As defesas recorreram ao Tribunal de Justiça sob justificativa de irregularidades no processo. Os desembargadores anularam o júri em agosto do ano passado ao concordar com parte das alegações, como o fato de ter havido três sorteios de jurados, em vez de apenas um (como é o usual), e uma reunião reservada do juiz que presidiu o julgamento, Orlando Faccini Neto, com os jurados sem a presença de advogados de defesa. Em razão disso, enquanto os réus passaram a esperar por uma nova data em liberdade, o Ministério Público recorreu contra a anulação.

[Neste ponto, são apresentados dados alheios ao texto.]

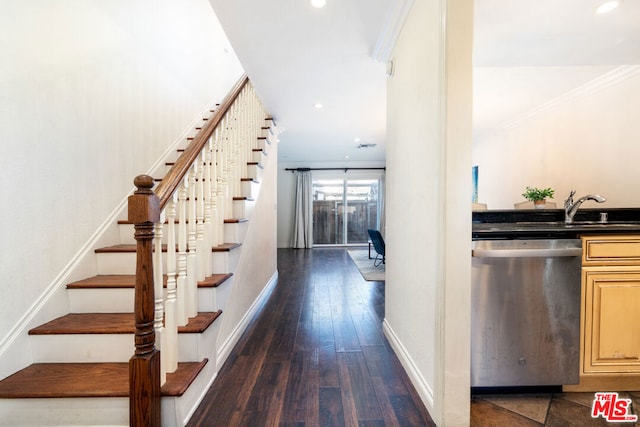 interior space featuring sink, dark hardwood / wood-style flooring, and crown molding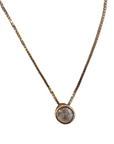 A delicate sterling silver plated gold chain necklace with a small round bezel-set cubic zarconia pendant, shown against a plain white background.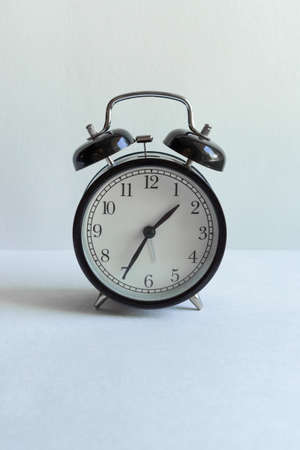 clock with alarm clock on white background with place for inscription. time management, business investment, planningの写真素材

A sexta turma do STJ começou a julgar esse recurso em junho, quando o relator, ministro Rogerio Schietti Cruz, votou em favor do MP e do restabelecimento da decisão do júri. Em seguida, porém, o julgamento foi suspenso devido a pedidos de vista dos ministros Sebastião Reis Júnior e Antonio Saldanha Palheiro. Ao ser retomada a sessão, nesta terça, todos os quatro ministros restantes da turma divergiram total ou parcialmente do relator e decidiram manter a anulação de um dos mais rumorosos júris da história gaúcha.